## Aim of the task
Word for word, restate the lines from the top of the records below through the line with "KZKR Spin Mop", both included, with no pictures in the result.
+-------+
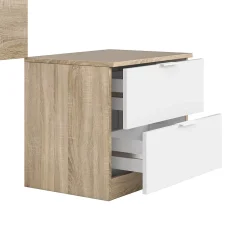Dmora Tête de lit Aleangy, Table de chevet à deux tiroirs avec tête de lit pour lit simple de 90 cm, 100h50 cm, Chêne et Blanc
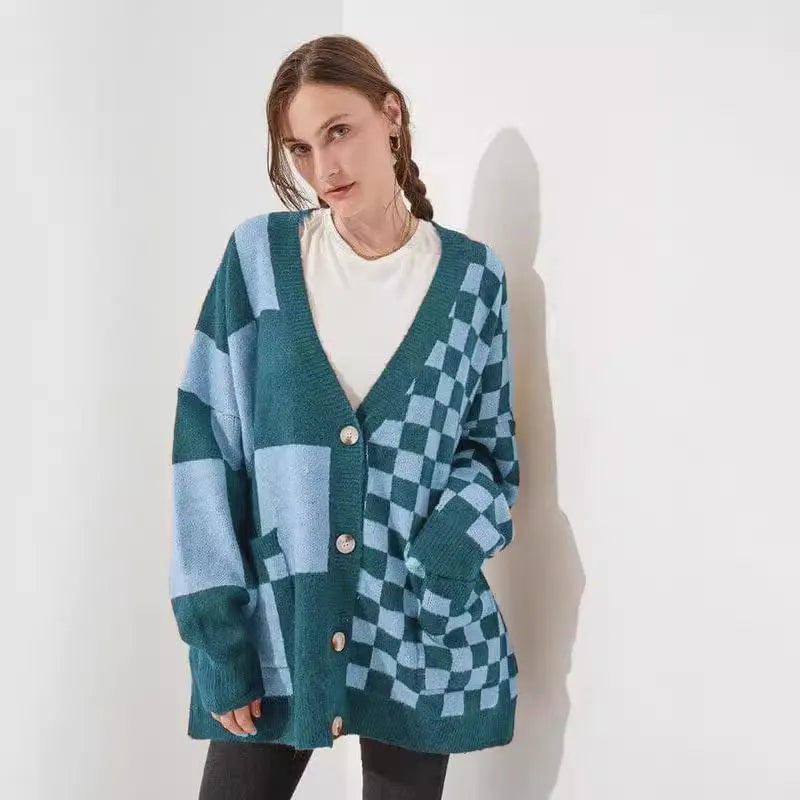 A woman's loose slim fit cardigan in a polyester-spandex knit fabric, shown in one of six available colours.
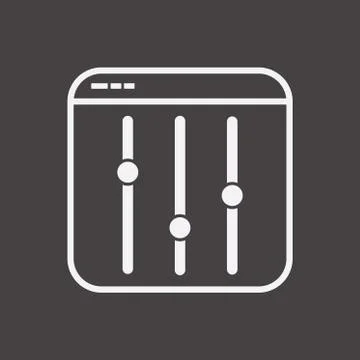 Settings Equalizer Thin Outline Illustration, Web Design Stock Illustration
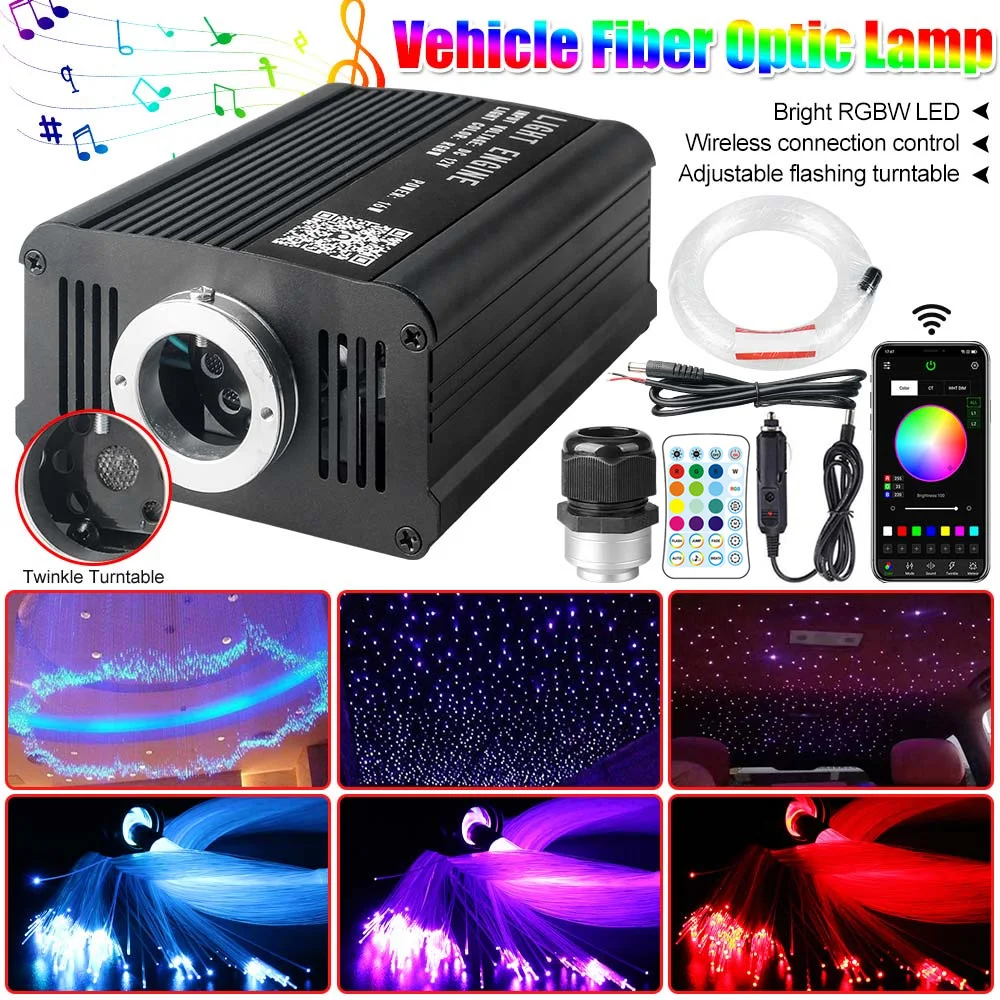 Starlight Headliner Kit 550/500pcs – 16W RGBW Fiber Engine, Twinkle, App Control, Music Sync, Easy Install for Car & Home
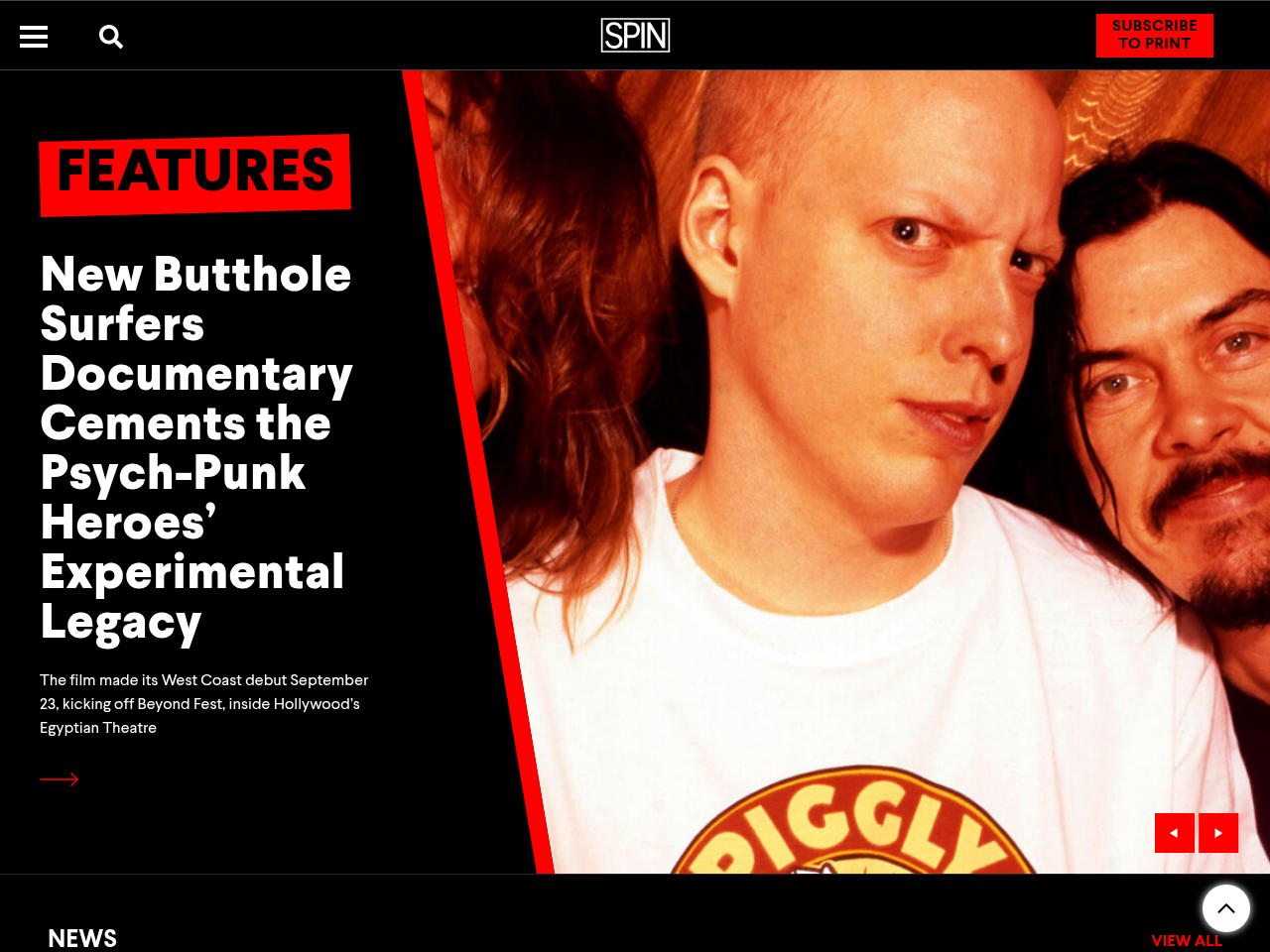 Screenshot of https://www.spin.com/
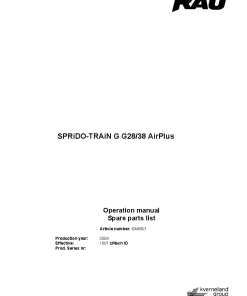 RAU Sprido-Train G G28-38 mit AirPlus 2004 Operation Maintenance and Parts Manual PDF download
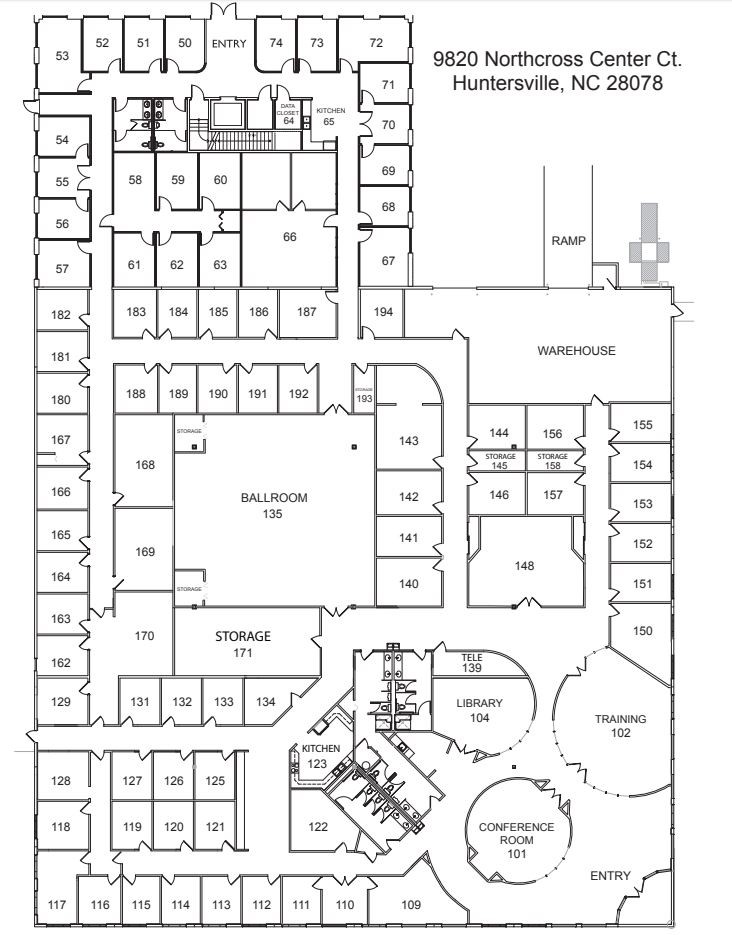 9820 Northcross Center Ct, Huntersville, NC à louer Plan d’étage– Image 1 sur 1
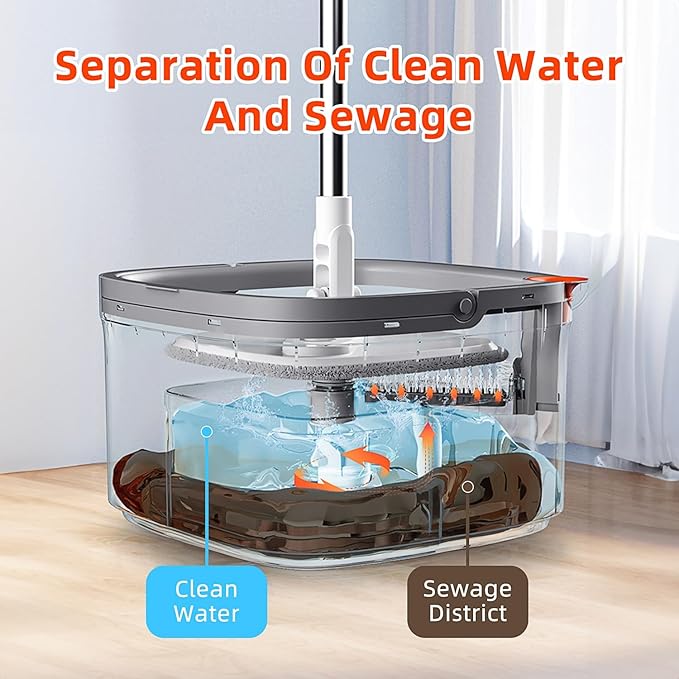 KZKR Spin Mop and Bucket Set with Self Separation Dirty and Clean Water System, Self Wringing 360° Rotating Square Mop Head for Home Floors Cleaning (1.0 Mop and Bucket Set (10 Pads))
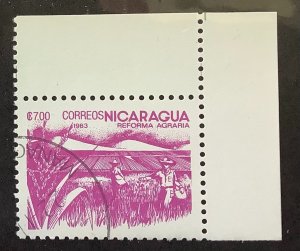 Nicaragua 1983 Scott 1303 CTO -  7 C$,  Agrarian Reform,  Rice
+-------+
## Response for this exercise
Dmora Tête de lit Aleangy, Table de chevet à deux tiroirs avec tête de lit pour lit simple de 90 cm, 100h50 cm, Chêne et Blanc
 A woman's loose slim fit cardigan in a polyester-spandex knit fabric, shown in one of six available colours.
 Settings Equalizer Thin Outline Illustration, Web Design Stock Illustration
 Starlight Headliner Kit 550/500pcs – 16W RGBW Fiber Engine, Twinkle, App Control, Music Sync, Easy Install for Car & Home
 Screenshot of https://www.spin.com/
 RAU Sprido-Train G G28-38 mit AirPlus 2004 Operation Maintenance and Parts Manual PDF download
 9820 Northcross Center Ct, Huntersville, NC à louer Plan d’étage– Image 1 sur 1
 KZKR Spin Mop and Bucket Set with Self Separation Dirty and Clean Water System, Self Wringing 360° Rotating Square Mop Head for Home Floors Cleaning (1.0 Mop and Bucket Set (10 Pads))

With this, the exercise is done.